Market data tracked the ascent, showing BTC soaring to an intraday peak of $120,247 at 1:45 p.m. EST, before a minor consolidation saw it settle below the $120,000 threshold. Despite the slight retraction, some market analysts maintain a bullish outlook, asserting that prevailing macroeconomic signals continue to favor further upside. These underlying indicators suggest that bitcoin is well-poised to retest and potentially breach the formidable $123,000 resistance level, a key technical hurdle on its path to new highs.
James Toledano, chief operating officer (COO) at Unity Wallet, remarked on BTC’s apparent stability since July 14, noting that its consolidation around the $110,000 to $120,000 range hints at robustness.

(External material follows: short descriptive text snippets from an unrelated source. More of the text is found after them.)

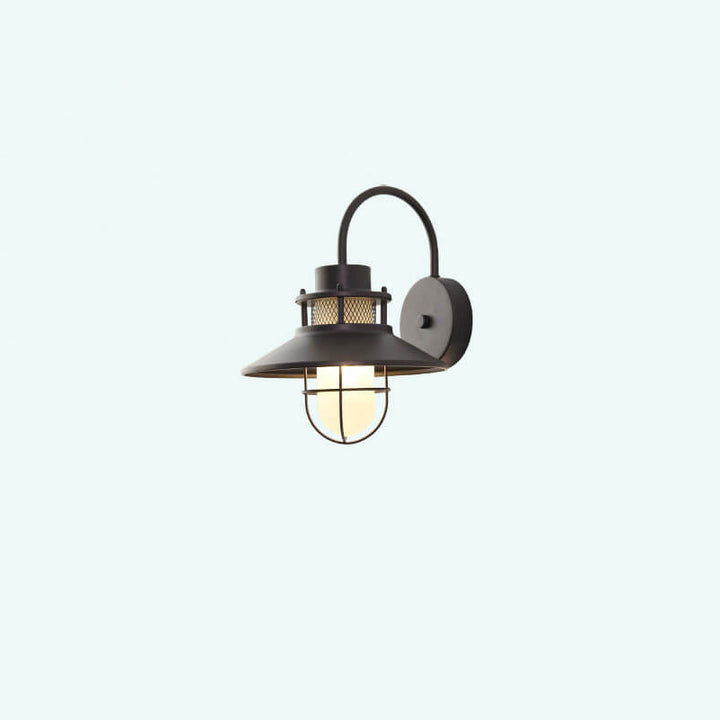 Utendørs Vanntett Jernkropp 1-Lys Utendørs Vegglampe | Luvikno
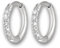 Ohrringe Gold I Zirkonia Ohrringe für Damen I Mini Creolen mit Zirkonia Steinen I Kleine Hoops aus hochwertigem Edelstahl mit 18 Karat Vergoldung I Glitzer Ohrringe für Mädchen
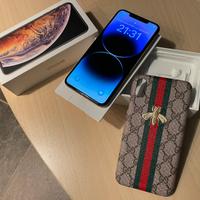 Iphone XS MAX 512 GB color ORO + cover GUCCI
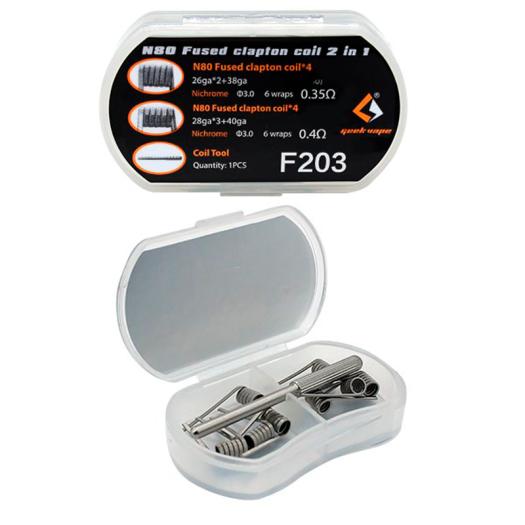 N80 Fused Clapton Coil 2 In 1 - Geekvape (8 uds)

He attributes this to spot bitcoin exchange-traded fund (ETF) flows, institutional accumulation, and a “capital flight to a new decentralized home.”
However, Toledano cautions that BTC could still experience significant corrections before resuming its rally. “But, we must always be prepared for some sideways action or mild or even significant corrections as the market digests recent gains and waits for fresh catalysts,” the COO asserted.
His warning is echoed by Przemysław Kral, the CEO of Zondacrypto, who also sees room for BTC to rise by up to 30% from current levels.
“Following Bitcoin’s recent price surge, we are seeing a period of relative stability that is healthy for the market. It allows investors to digest gains, prevents speculative overheating, and can set a foundation for further, sustainable growth. This year, the price of Bitcoin could go down to $70,000 or up to $160,000. This will largely come down to the level of adoption in the second half of the year,” Kral stated.
Meanwhile, Kral also drew attention to a burgeoning “fevered interest” in various altcoins, particularly ethereum ( ETH), solana ( SOL), and XRP. Recent market data illustrates a significant surge across these altcoins over the past 10 days, capturing investor attention and driving considerable capital inflows.
Notably, XRP achieved a remarkable milestone by shattering a multi-year high last seen in 2018, underscoring renewed investor confidence and substantial price momentum for the asset following a period of legal uncertainty.
According to Kral, the digital asset regulations recently passed by the U.S. Congress have also “brought a new level of clarity on how they [crypto assets] can be used, setting up the scene for the long-term adoption of blockchain and utility tokens.”
Toledano also weighed in, stating that these altcoins have outperformed BTC because “they’re starting from a much lower market cap base, allowing for sharper price moves.” He added:
“Ethereum’s momentum has been driven by increasing institutional interest in ETH ETFs, scaling upgrades, and DeFi/NFT activity rebounding. While XRP’s rise is linked to renewed optimism following regulatory clarity, Ripple’s global banking expansion, and increasing optimism around XRP ETFs.”